More MS news articles for June 2002

Genetics of multiple sclerosis: linkage and association studies

http://www.ncbi.nlm.nih.gov/entrez/query.fcgi?cmd=Retrieve&db=PubMed&list_uids=12083953&dopt=Abstract

Am J Pharmacogenomics 2002;2(1):37-58
Giordano M, D'Alfonso S, Momigliano-Richiardi P.
Dipartimento di Scienze Mediche, Universita del Piemonte Orientale 'Amedeo Avogadro', Novara, Italy.

Multiple sclerosis (MS) is a demyelinating autoimmune disease of the central nervous system caused by an interplay of environmental and genetic factors.

The only genetic region that has been clearly demonstrated by linkage and association studies to contribute to MS genetic susceptibility is the human leukocyte antigen (HLA) system.

The majority of HLA population studies in MS have focused on Caucasians of Northern European descent, where the predisposition to disease has been consistently associated with the class II DRB1*1501-DQA1*0102-DQB1*0602 haplotype.

A positive association with DR4 was detected in Sardinians and in other Mediterranean populations.

Moreover DR1, DR7, DR11 have been found to be protective in several populations.

Systematic searches aimed at identifying non-HLA susceptibility genes were undertaken in several populations by means of linkage studies with microsatellite markers distributed across the whole genome.

The conclusion of these studies was that there is no major MS locus, and genetic susceptibility to the disease is most likely explained by the presence of different genes each conferring a small contribution to the overall familial aggregation.
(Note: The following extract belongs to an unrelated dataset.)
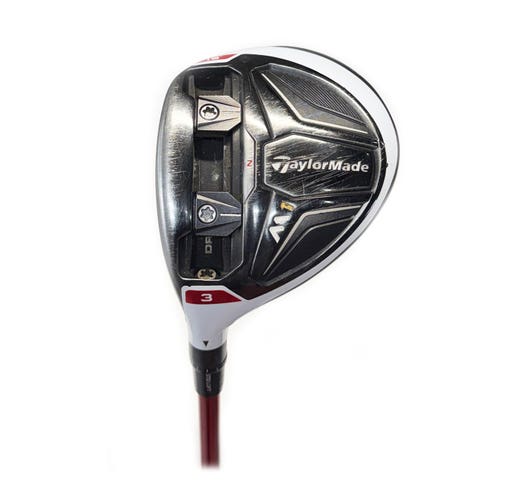 LH TaylorMade M1 15* 3 Wood Graphite Speeder NX 50 Regular Flex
The involvement of several candidate genes was tested by association studies, utilizing either a population-based (case control) or a family-based (transmission disequilibrium test) approach.

Candidate genes were selected mainly on the basis of their involvement in the autoimmune pathogenesis and include immunorelevant molecules such as cytokines, cytokine receptors, immunoglobulin, T cell receptor subunits and myelin antigens.

With the notable exception of HLA, association studies met only modest success.

This failure may result from the small size of the tested samples and the small number of markers considered for each gene.

New tools for large scale screening are needed to identify genetic determinants with a low phenotypic effect.

Large collaborative studies are planned to screen several thousands of patients with MS with several thousands of genetic markers.

The tests are increasingly based on the DNA pooling procedure.